__How to complete this task__.
The answer must be only the lines below from the one holding "Axagon HUE-S2BP 4x" down to the one holding "Schattigee dinosaurus op", ends included, printed exactly; please omit all pictures.

__Record extracts__.
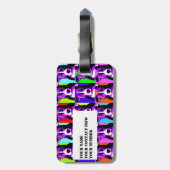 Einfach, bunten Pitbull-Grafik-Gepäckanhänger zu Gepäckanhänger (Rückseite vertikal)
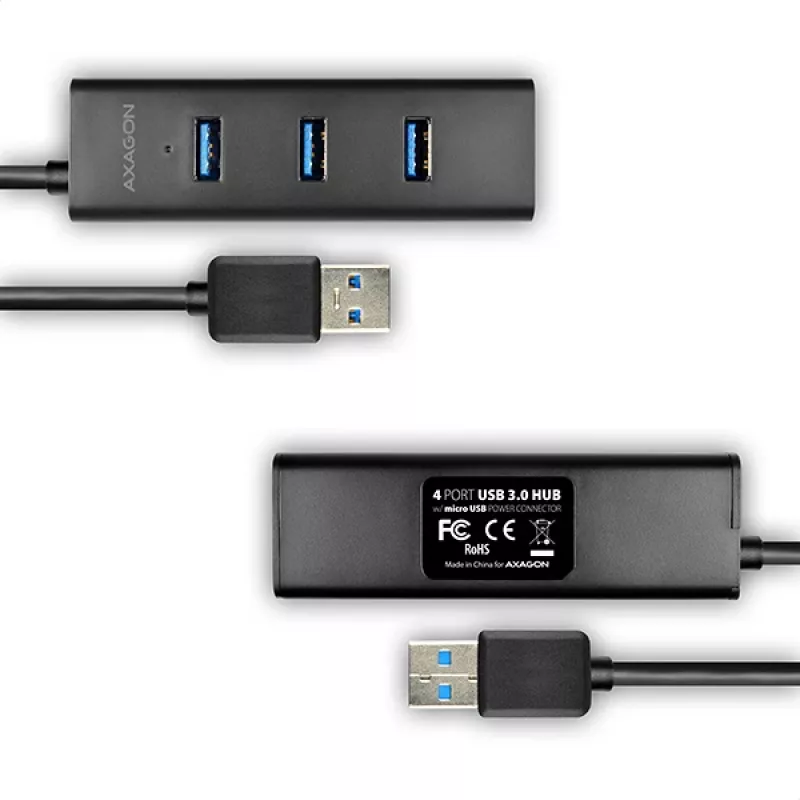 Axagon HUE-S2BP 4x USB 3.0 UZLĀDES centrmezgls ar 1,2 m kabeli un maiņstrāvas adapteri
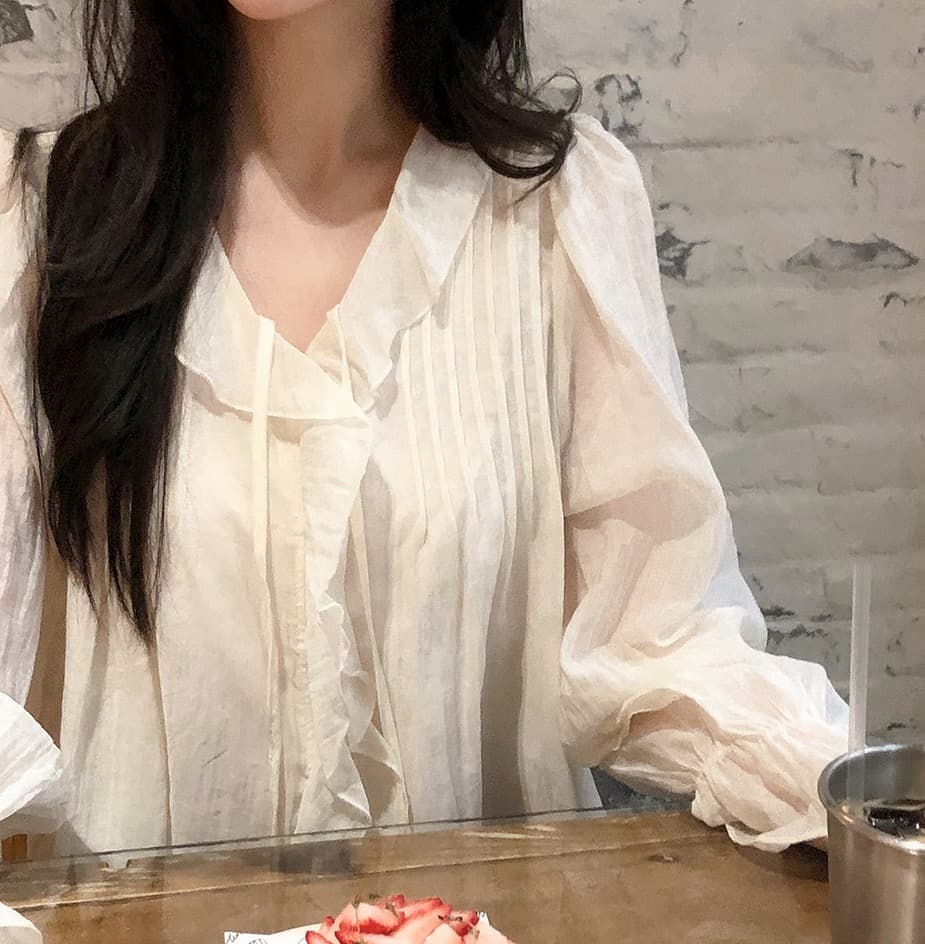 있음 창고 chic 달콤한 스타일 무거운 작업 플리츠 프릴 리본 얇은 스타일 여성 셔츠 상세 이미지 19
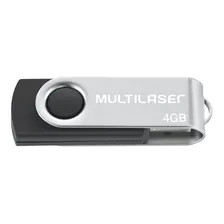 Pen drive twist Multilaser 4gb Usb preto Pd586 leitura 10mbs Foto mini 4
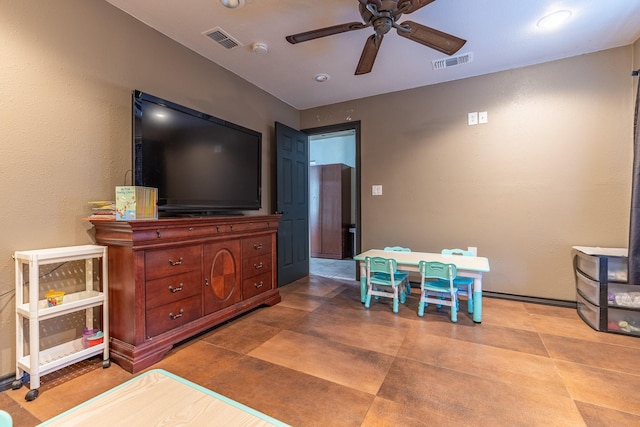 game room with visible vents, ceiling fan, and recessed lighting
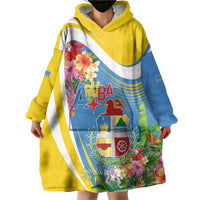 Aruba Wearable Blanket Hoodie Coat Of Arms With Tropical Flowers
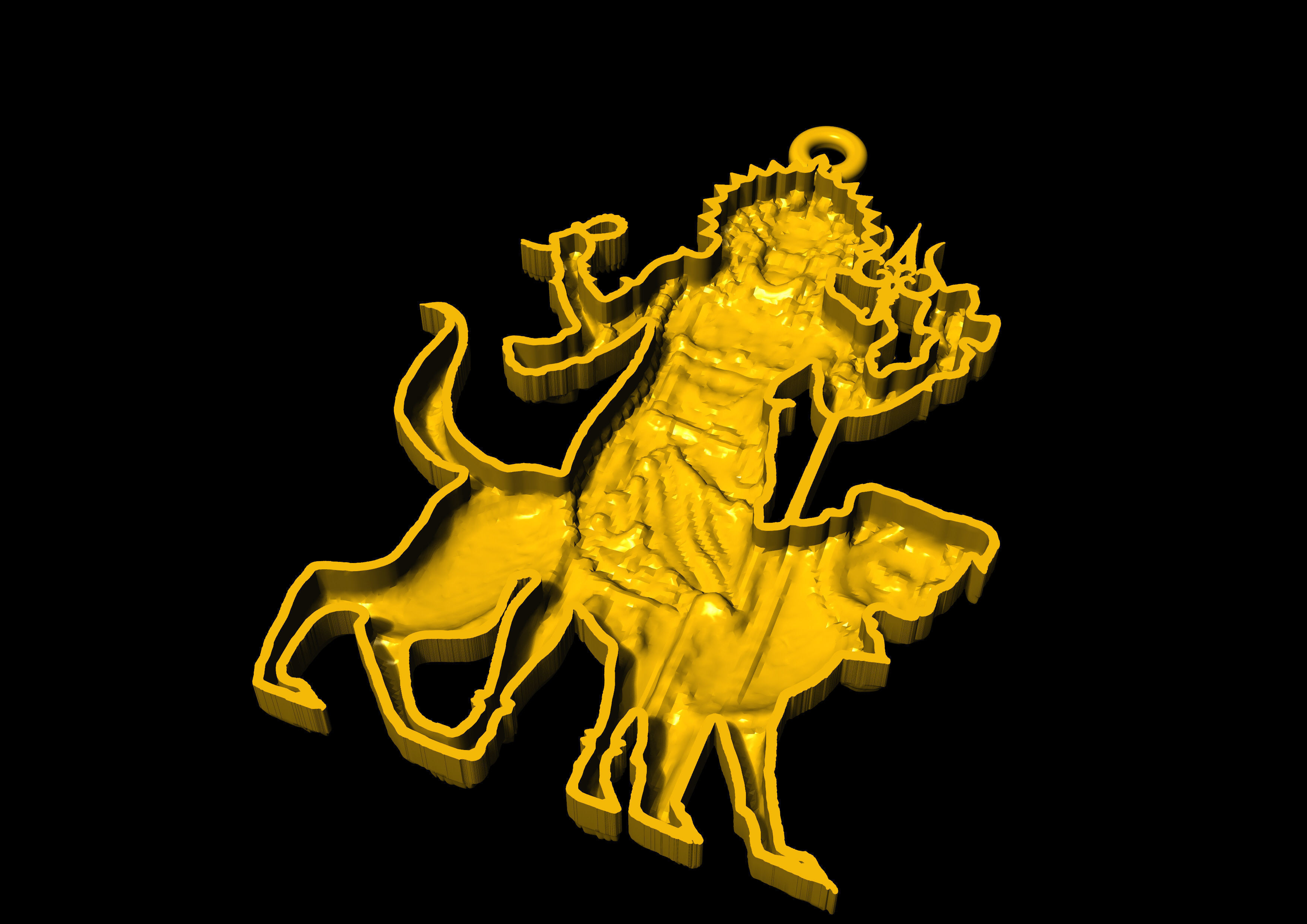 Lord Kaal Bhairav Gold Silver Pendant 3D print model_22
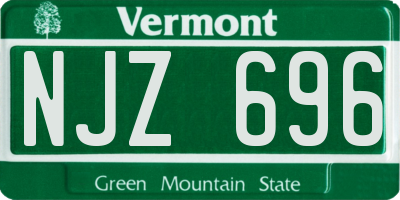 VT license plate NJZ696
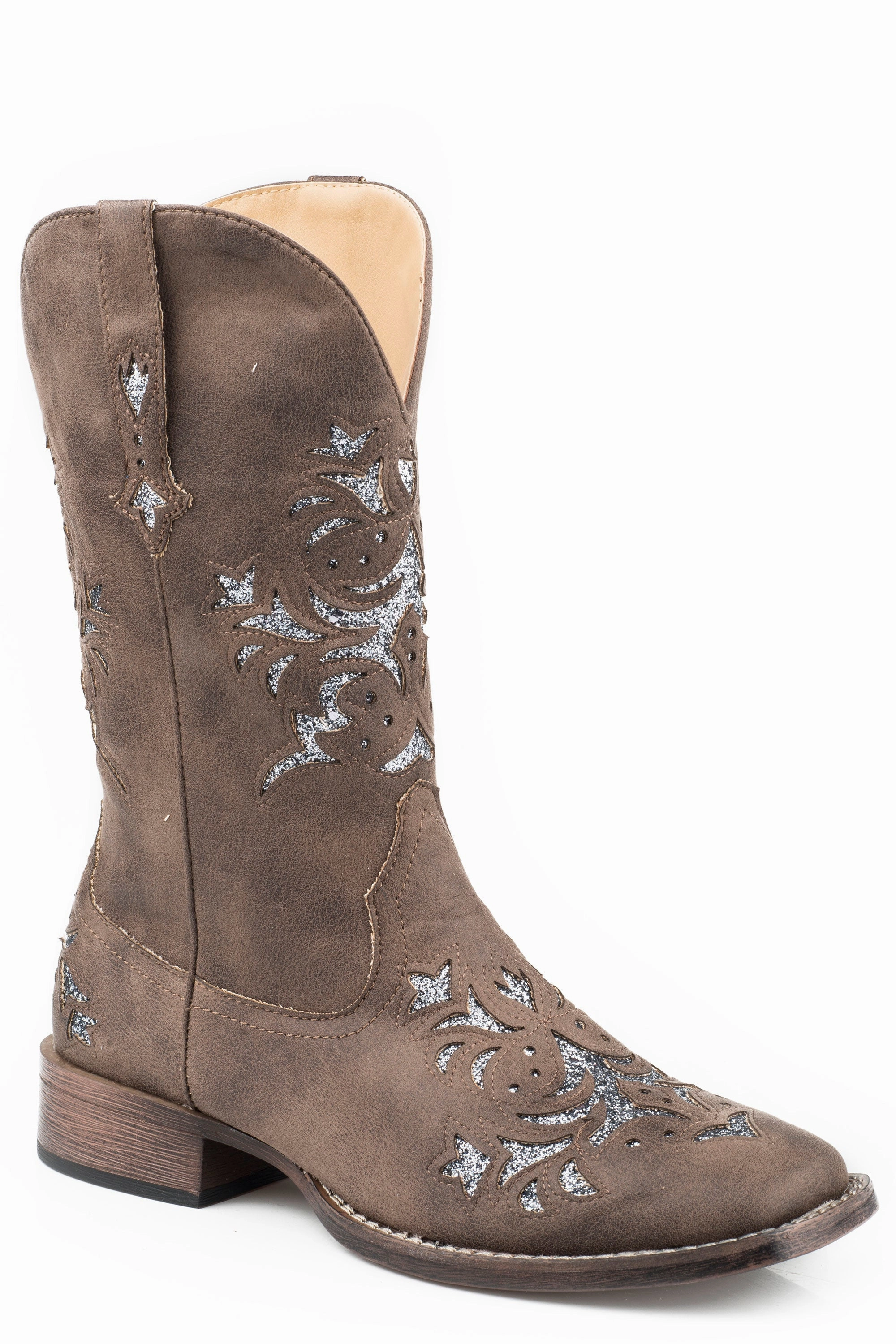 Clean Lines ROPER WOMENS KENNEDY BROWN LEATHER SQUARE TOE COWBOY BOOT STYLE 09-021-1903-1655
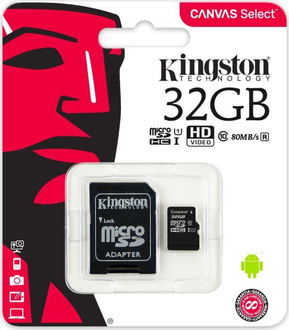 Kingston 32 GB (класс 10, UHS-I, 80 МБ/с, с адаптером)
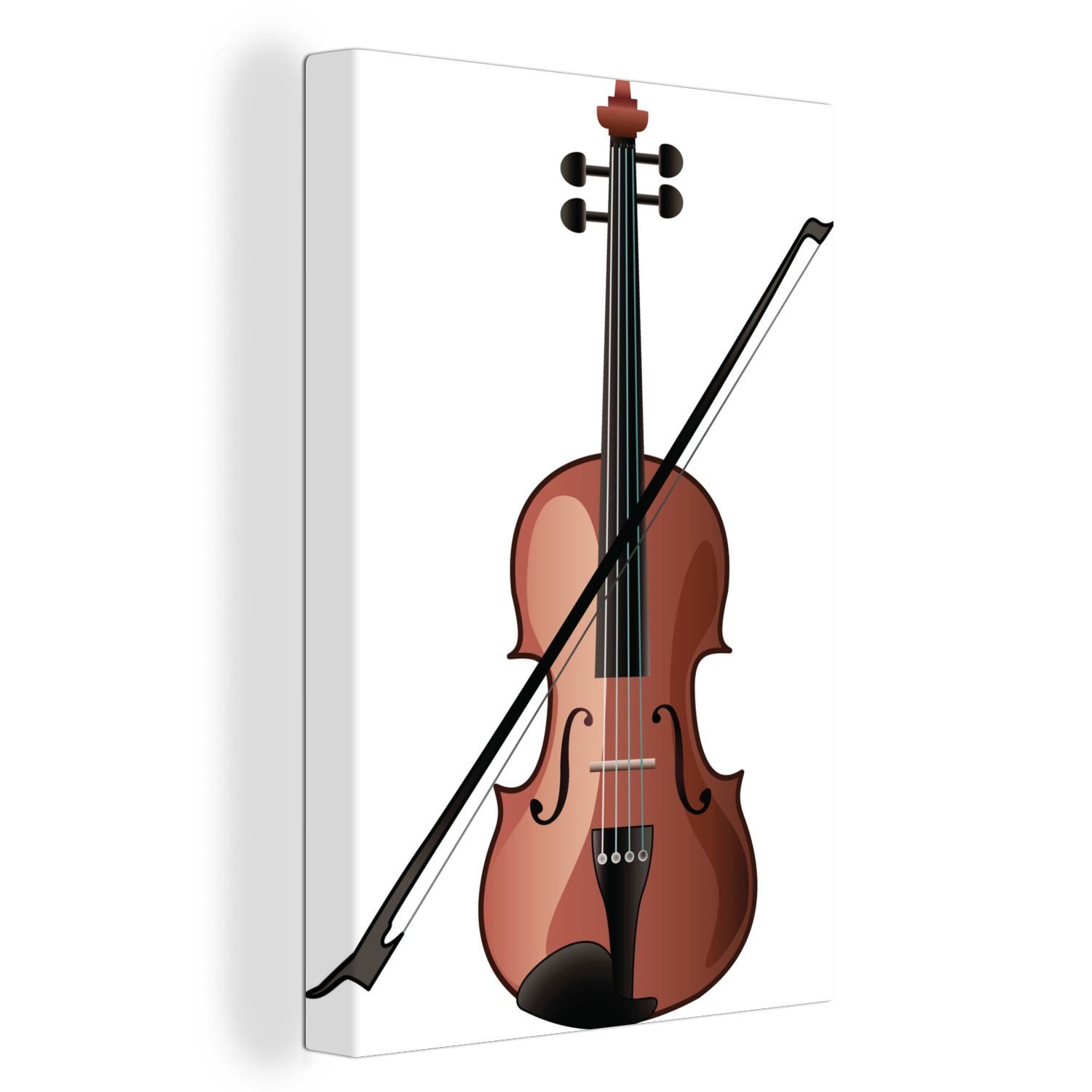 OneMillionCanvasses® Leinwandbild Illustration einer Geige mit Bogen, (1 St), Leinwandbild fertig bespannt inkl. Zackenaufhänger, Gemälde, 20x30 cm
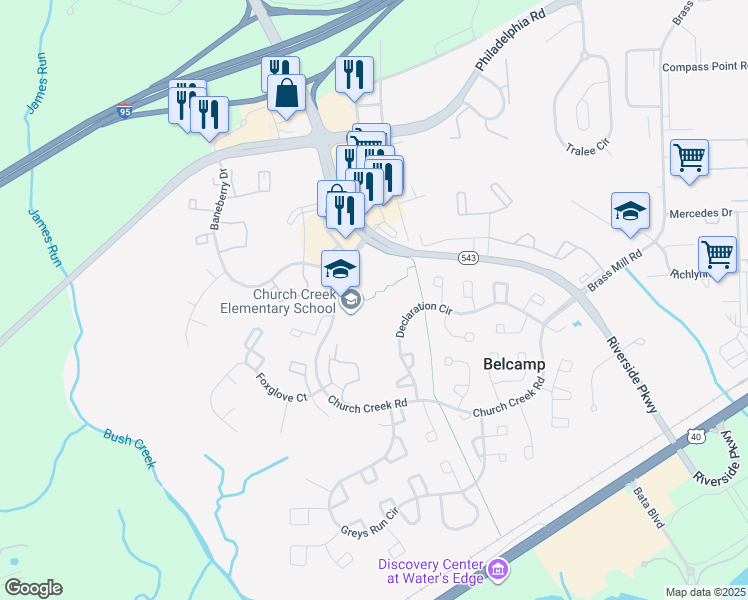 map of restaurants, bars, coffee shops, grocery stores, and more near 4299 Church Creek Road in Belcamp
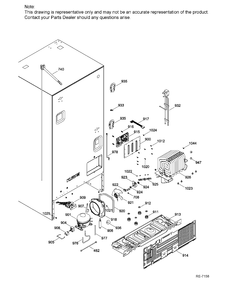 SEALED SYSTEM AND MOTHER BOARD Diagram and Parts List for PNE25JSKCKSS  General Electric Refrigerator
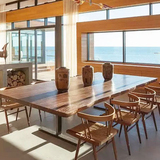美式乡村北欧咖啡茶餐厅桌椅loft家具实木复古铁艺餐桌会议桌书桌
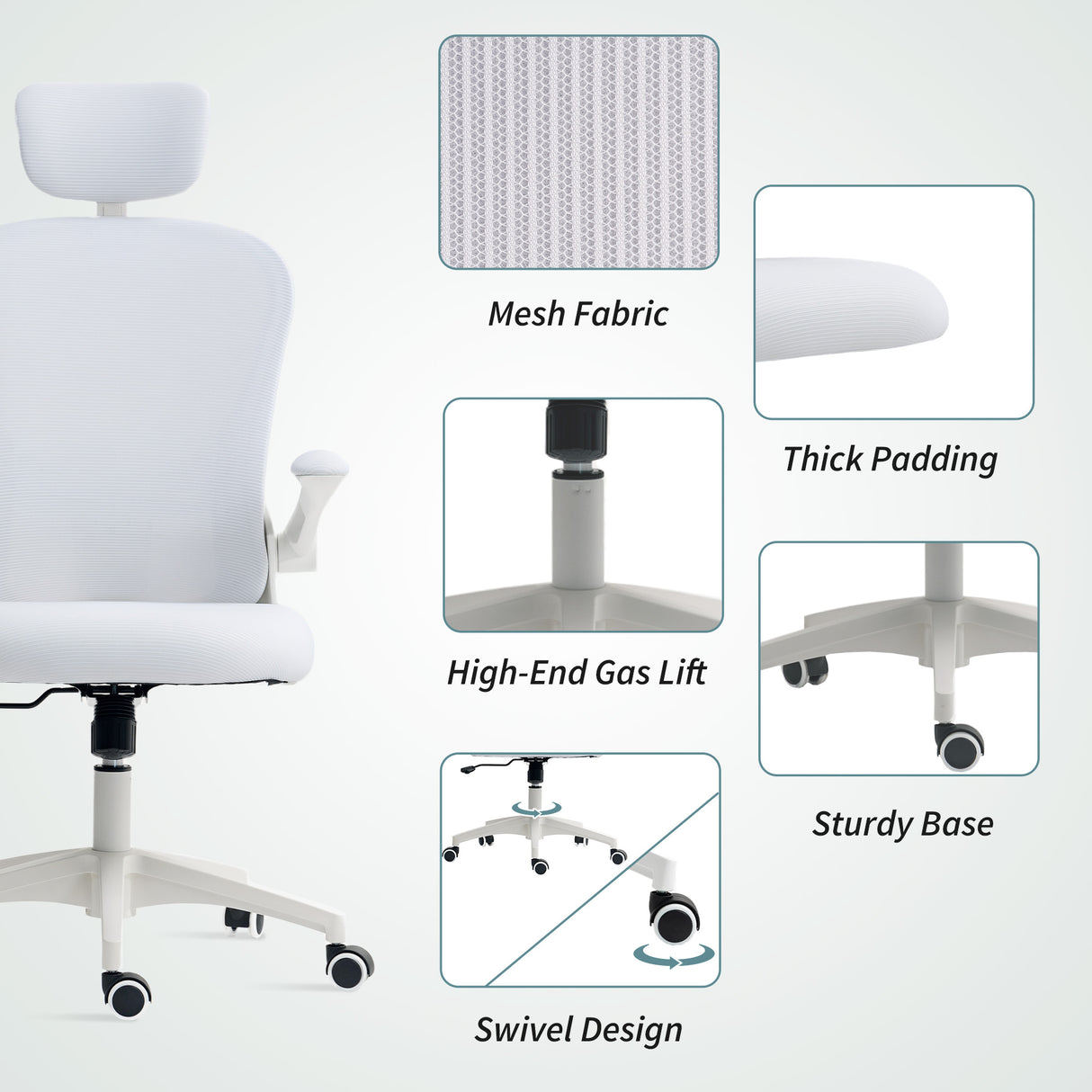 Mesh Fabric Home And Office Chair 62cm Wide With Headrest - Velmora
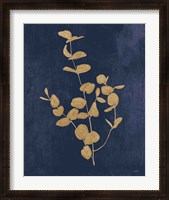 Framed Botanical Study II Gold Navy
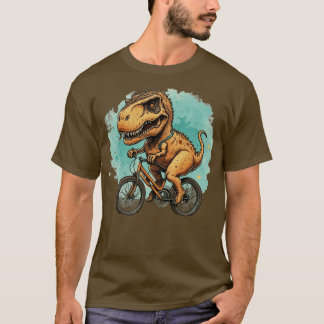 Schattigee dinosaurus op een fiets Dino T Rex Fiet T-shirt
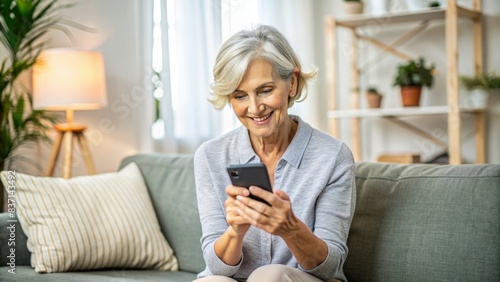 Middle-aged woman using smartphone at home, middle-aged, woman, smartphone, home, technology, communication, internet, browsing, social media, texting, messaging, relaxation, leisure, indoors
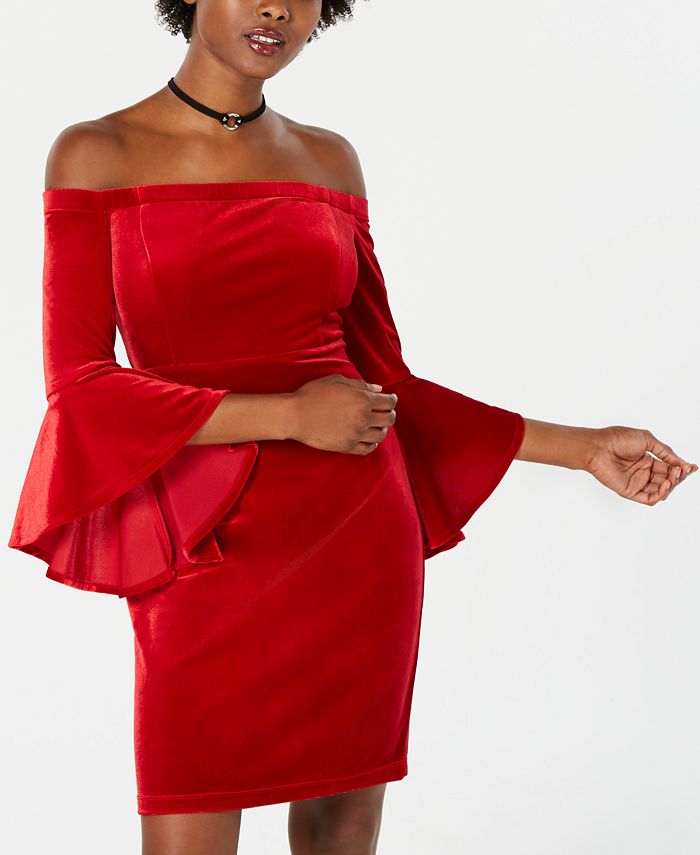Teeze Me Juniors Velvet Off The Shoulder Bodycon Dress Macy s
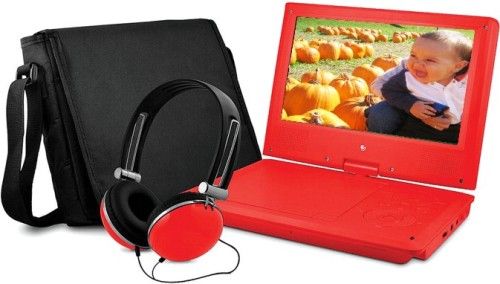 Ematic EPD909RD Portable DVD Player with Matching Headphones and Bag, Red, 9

__Solution__.
 Axagon HUE-S2BP 4x USB 3.0 UZLĀDES centrmezgls ar 1,2 m kabeli un maiņstrāvas adapteri
 있음 창고 chic 달콤한 스타일 무거운 작업 플리츠 프릴 리본 얇은 스타일 여성 셔츠 상세 이미지 19
 Pen drive twist Multilaser 4gb Usb preto Pd586 leitura 10mbs Foto mini 4
 game room with visible vents, ceiling fan, and recessed lighting
 Aruba Wearable Blanket Hoodie Coat Of Arms With Tropical Flowers
 Lord Kaal Bhairav Gold Silver Pendant 3D print model_22
 VT license plate NJZ696
 Clean Lines ROPER WOMENS KENNEDY BROWN LEATHER SQUARE TOE COWBOY BOOT STYLE 09-021-1903-1655
 Kingston 32 GB (класс 10, UHS-I, 80 МБ/с, с адаптером)
 OneMillionCanvasses® Leinwandbild Illustration einer Geige mit Bogen, (1 St), Leinwandbild fertig bespannt inkl. Zackenaufhänger, Gemälde, 20x30 cm
 map of restaurants, bars, coffee shops, grocery stores, and more near 4299 Church Creek Road in Belcamp
 SEALED SYSTEM AND MOTHER BOARD Diagram and Parts List for PNE25JSKCKSS  General Electric Refrigerator
美式乡村北欧咖啡茶餐厅桌椅loft家具实木复古铁艺餐桌会议桌书桌
 Mesh Fabric Home And Office Chair 62cm Wide With Headrest - Velmora
 Framed Botanical Study II Gold Navy
 Schattigee dinosaurus op een fiets Dino T Rex Fiet T-shirt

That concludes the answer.